[Items listed in a dataset]
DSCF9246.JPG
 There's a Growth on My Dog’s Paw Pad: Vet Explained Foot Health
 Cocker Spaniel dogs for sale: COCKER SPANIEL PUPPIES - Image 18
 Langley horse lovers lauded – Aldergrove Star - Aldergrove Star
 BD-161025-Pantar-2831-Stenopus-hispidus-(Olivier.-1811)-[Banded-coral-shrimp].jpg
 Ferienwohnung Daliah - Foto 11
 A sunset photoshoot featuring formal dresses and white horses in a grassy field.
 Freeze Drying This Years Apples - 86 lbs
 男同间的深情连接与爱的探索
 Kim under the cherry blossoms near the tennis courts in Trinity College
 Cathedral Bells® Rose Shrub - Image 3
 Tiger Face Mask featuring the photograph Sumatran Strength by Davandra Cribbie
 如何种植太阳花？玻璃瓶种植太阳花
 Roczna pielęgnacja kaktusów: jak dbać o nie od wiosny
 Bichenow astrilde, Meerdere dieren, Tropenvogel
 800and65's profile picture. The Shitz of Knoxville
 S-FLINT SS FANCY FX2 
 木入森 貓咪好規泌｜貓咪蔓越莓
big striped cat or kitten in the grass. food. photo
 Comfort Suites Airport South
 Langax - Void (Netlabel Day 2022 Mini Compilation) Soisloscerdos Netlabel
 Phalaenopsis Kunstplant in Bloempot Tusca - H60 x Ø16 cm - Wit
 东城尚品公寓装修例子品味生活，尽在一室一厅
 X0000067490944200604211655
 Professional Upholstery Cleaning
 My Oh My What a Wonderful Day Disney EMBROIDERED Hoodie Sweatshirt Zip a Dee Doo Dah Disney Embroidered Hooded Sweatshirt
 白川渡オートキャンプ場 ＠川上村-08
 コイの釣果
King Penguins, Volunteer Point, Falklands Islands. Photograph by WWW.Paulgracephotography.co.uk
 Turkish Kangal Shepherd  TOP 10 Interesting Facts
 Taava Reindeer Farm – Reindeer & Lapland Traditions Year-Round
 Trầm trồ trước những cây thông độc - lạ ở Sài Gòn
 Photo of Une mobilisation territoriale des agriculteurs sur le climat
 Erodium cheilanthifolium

Task description:
Search the records for the string "Image" and return every line in which it occurs.

Task answer:
 Cocker Spaniel dogs for sale: COCKER SPANIEL PUPPIES - Image 18
 Cathedral Bells® Rose Shrub - Image 3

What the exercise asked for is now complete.